Friday, December 13, 2013

until now

This is hard for me to say, but I have struggled bonding with my sweet little Ryder. As soon as I had Quincy I was obsessed with her. I can’t say that about Ryder and it makes me so sad. It has been a process. No one tells you what it’s like to have children after you have lost one. And everyone is different. I have friends who are obsessed with their babies born after child loss, but I have not been. I hate it. It’s so difficult to look at your sweet innocent child and long for another.

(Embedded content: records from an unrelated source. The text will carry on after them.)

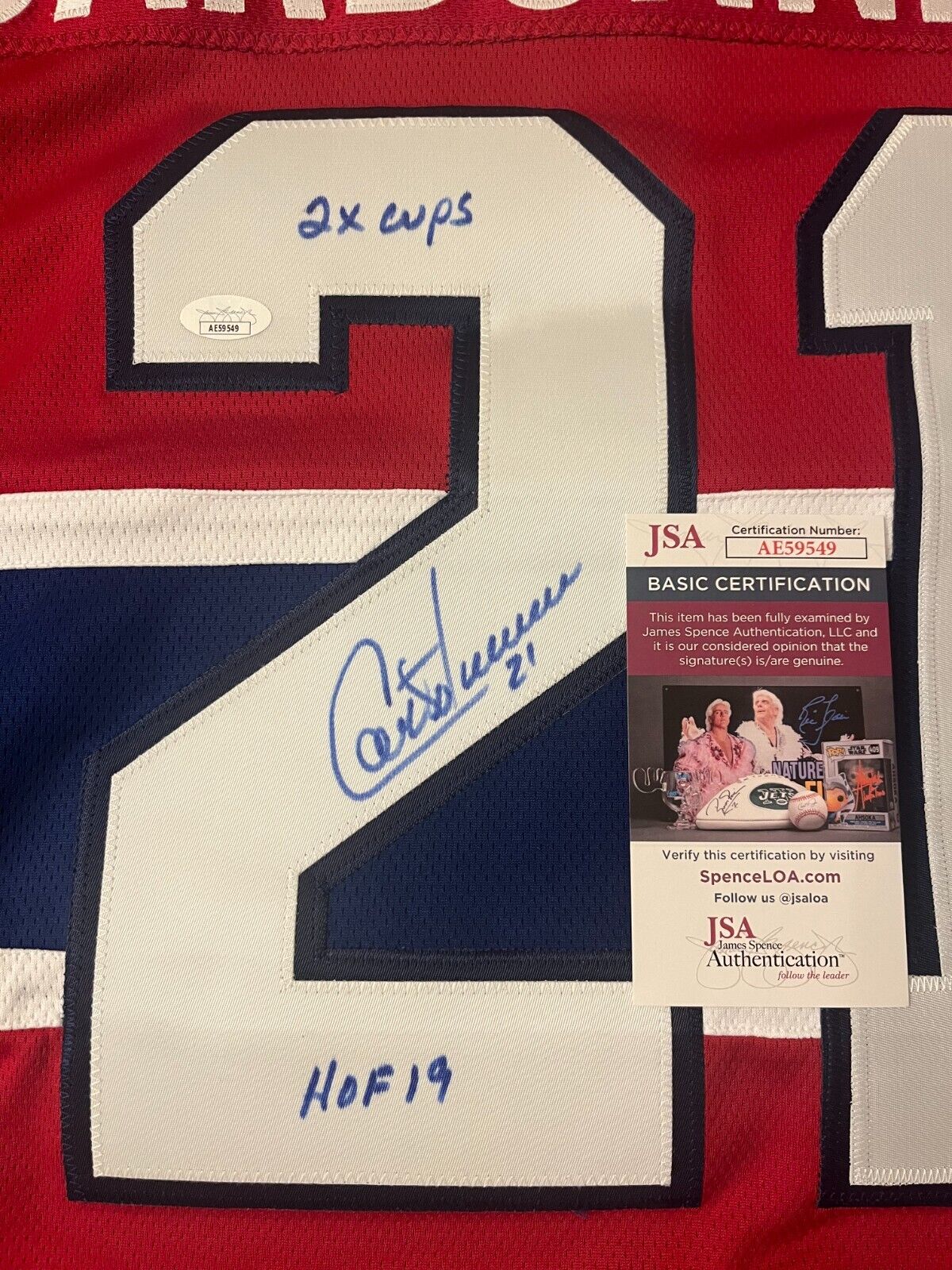 Autographed Fanatics Montreal Canadiens HOF  Guy Carbonneau Jersey JSA 2 Insc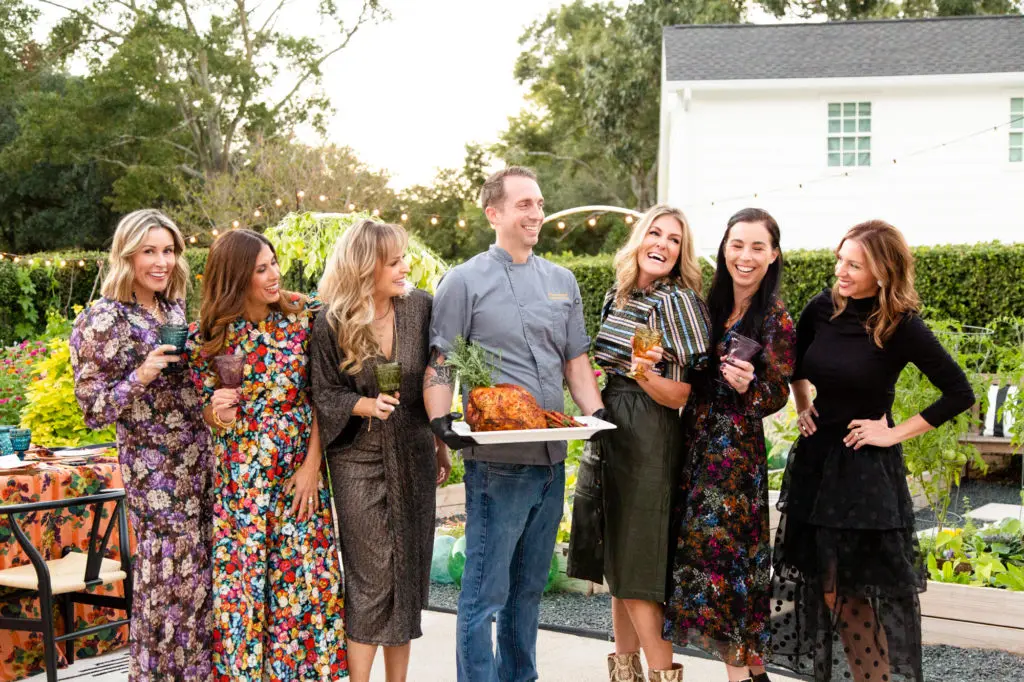 Elle Guerrini, Selina Stanford, Jen McDonald, Devan Gernert, Courtney Paddock, Karen Johnson, Phoebe Rourke skipped the masks for photos at the friendsgiving garden party in November. (Photo by Lawrence Elizabeth Knox)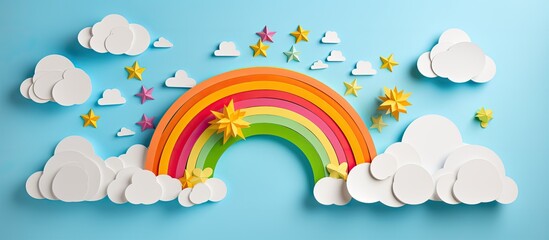 Creating a paper rainbow with clouds and sun using step-by-step instructions for kids. - obrazy, fototapety, plakaty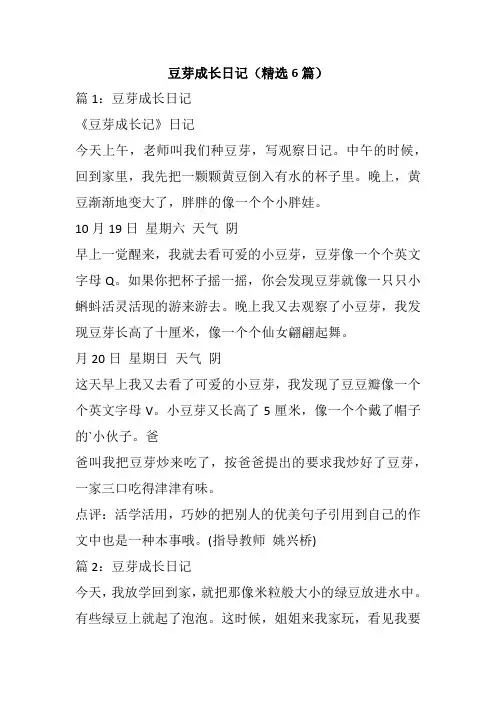 豆芽成长日记(精选6篇)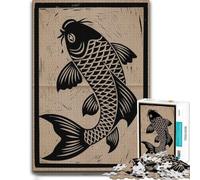 Puzzle en Bois 1000 pièces pour Adultes, Black and Tan Koi Fish Print
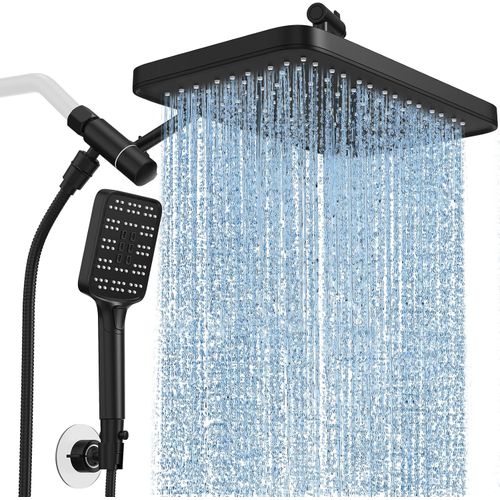 Cabezal de ducha doble Rainfall con spray ajustable en negro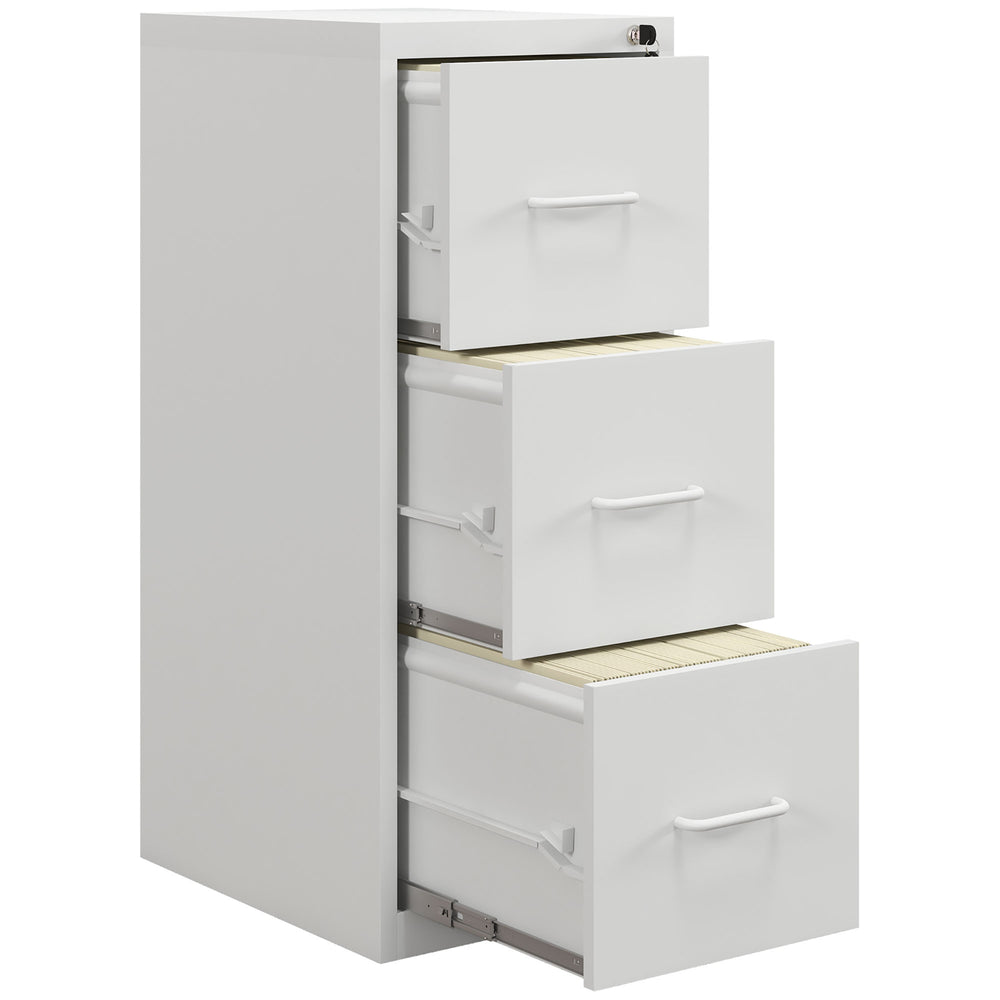 3 Drawer Filing Cabinet Steel File Cabinet for A4 Letter Size White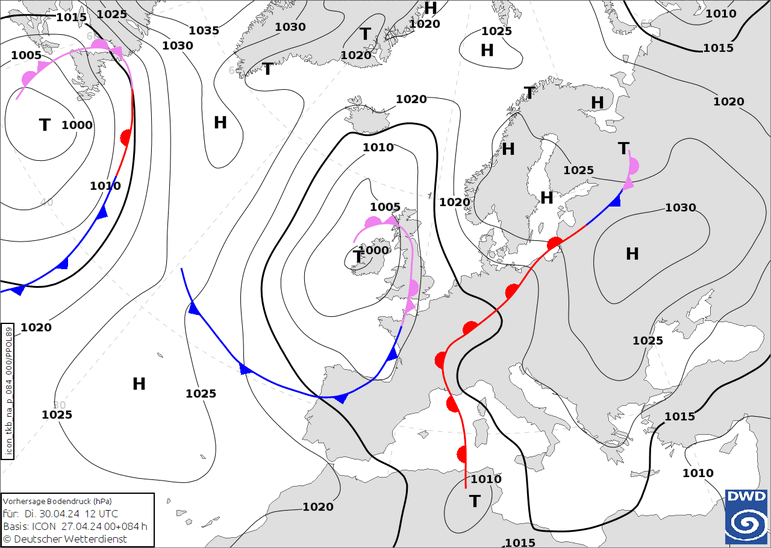 DWD Fronts mar 30.04.2024 12 UTC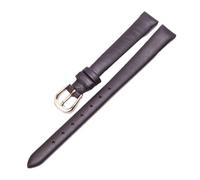 Qgsaghty Correa de cuero ultrafina, suave y delgada, 10mm-20mm, cadena de reloj colorida, accesorios femeninos, hebilla de oro rosa, liso, Marron oscuro, 14mm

Ryder is so different than Quincy in so many ways. My heart aches so badly for her and I have let that get in the way of bonding with Ryder. I am hurting and I am so afraid to love that intesely again. I’m so scared to let my wall down. To love unconditionally. It has bothered me so much that I haven’t been able to find that connection with my own son.

Until now. The last couple week I have become obsessed. I cannot wait to get home from work to hug and cuddle my buddy. I cannot wait to get up in the morning and hear his little squeal. I love to dress him, change him, bath him and take him everywhere, show him off. It feels so wonderful to feel these things once again. I have been waiting so long to feel this connection. The connection a mother and a child should have.

I need it. He needs it.

1 comment:

The Hebbs said...

Love that little boy!! and love you.